§ ASSIGNMENT
In your copy of the data, omit the pictures and keep all else exactly as given.

§ SUPPLIED DATA
- - - -

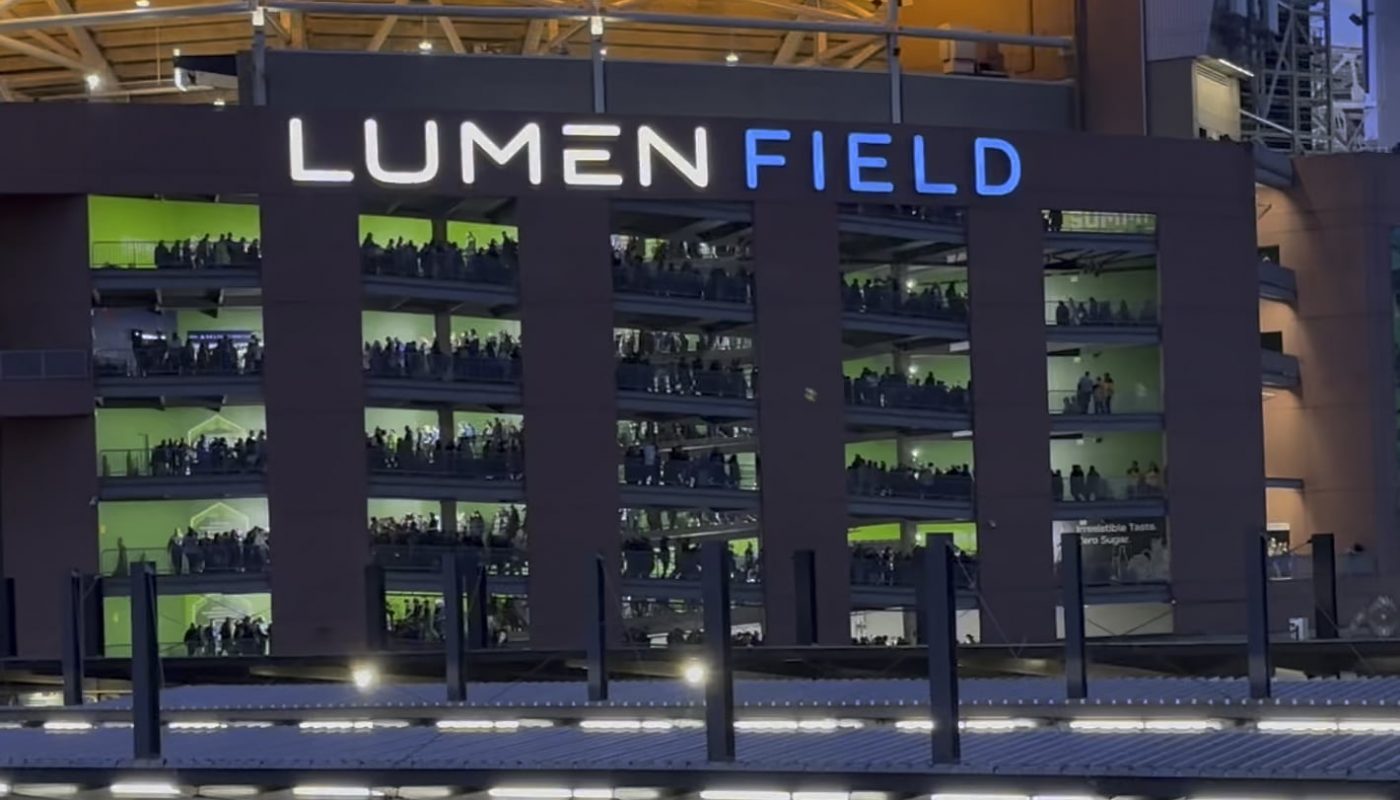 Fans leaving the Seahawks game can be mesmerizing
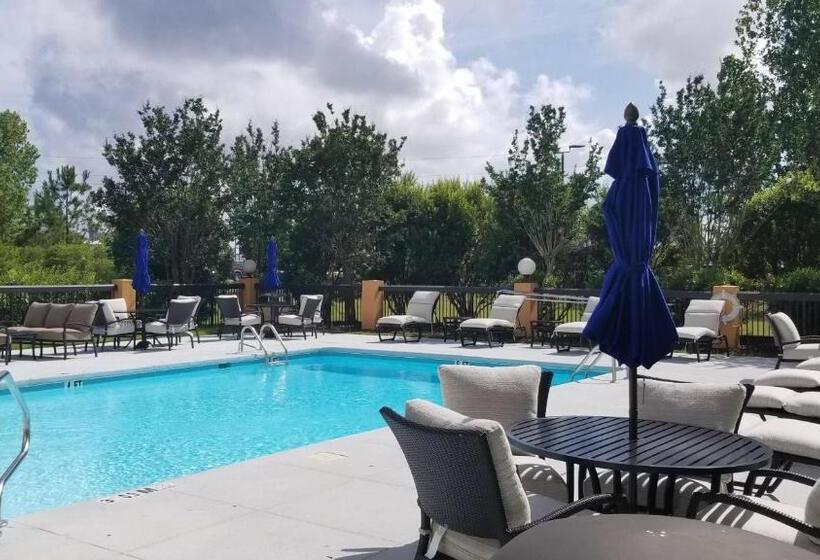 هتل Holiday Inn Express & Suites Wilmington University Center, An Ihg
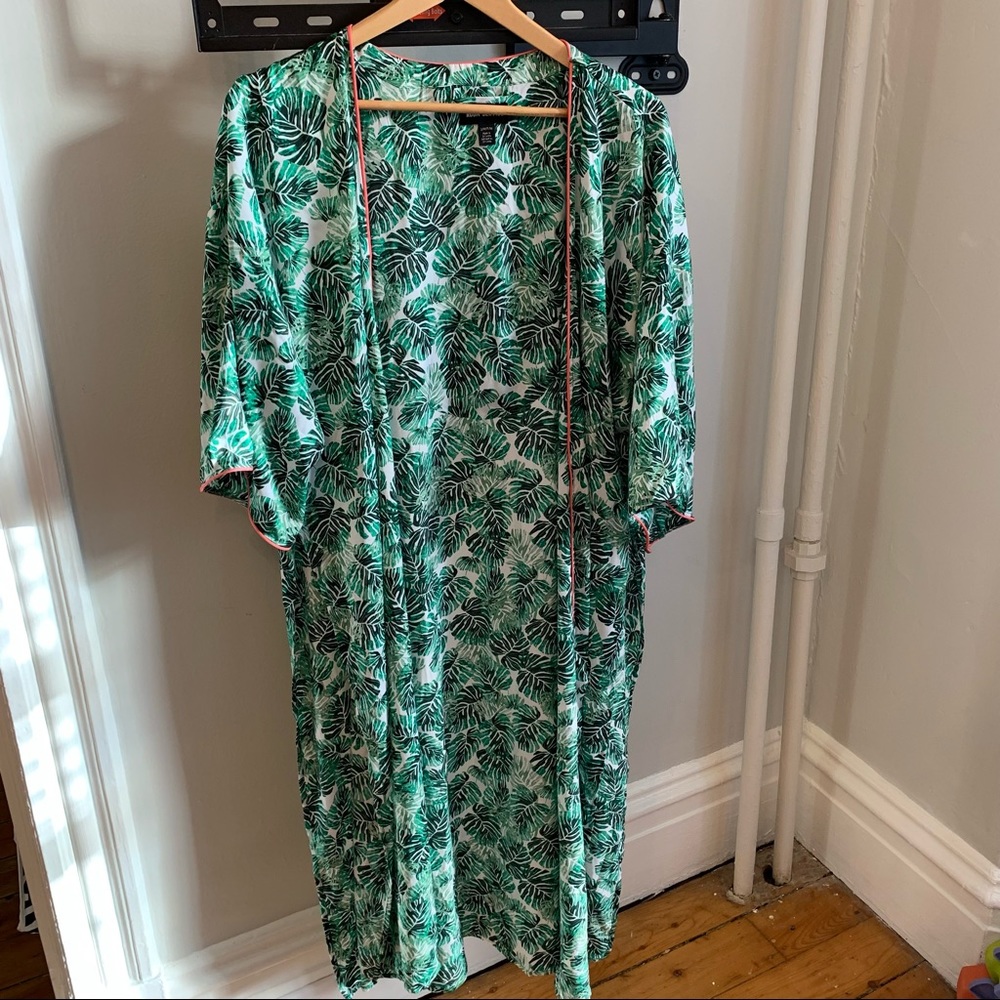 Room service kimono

- - - -

§ ANSWER TO THIS PROBLEM
 Fans leaving the Seahawks game can be mesmerizing
 هتل Holiday Inn Express & Suites Wilmington University Center, An Ihg
 Room service kimono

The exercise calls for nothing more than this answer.